M.Sc Thesis

M.Sc StudentElbaz Dan
SubjectSpeech Signals Frequency Modulation Decoding via Deep
Neural Networks
DepartmentDepartment of Computer Science
Supervisor DR. Michael Zibulevsky
Full Thesis textFull thesis text - English Version


Frequency modulation (FM) is a form of radio broadcasting which is widely used nowadays and has been for almost a century. The widest use of FM is for radio broadcasting, which is commonly used for transmitting audio signal representing voice.

Due to the effect of various distortions, noise conditions and other impairments imposed on the transmitted signal, the detection reliability severely deteriorates. As a result thereof, the intelligibility and quality of the detected speech decreases significantly. This phenomenon is known as the Threshold Effect.

End-to-end learning based approaches have shown to be effective and have resulted in excellent performance for many systems with less training data. In this work we present an end to end learning approach for novel application of software defined radio (SDR) receiver for FM detection. By adopting an end-to-end learning based approach, the system utilizes the prior information of transmitted speech message in the demodulation process.

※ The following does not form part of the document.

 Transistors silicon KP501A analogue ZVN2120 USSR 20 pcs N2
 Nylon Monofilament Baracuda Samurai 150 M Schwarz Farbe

The receiver uses a multi-layered bidirectional Long Short-Term Memory ((B)LSTM) architecture to capture long range dependencies and nonlinear dynamics of the speech signal. The receiver then uses the learned speech structure to detect and enhance speech from the in-phase and quadrature components of its base band version.\\

The new system yields high performance detection for both acoustical disturbances and communication channel noise and is foreseen to out-perform the established methods for low signal to noise ratio (SNR) conditions. We compared the new system performance with the conventional method using several speech quality assessment measures, such as: SNR, segmental SNR and also in perceptual evaluation of speech quality score (PESQ).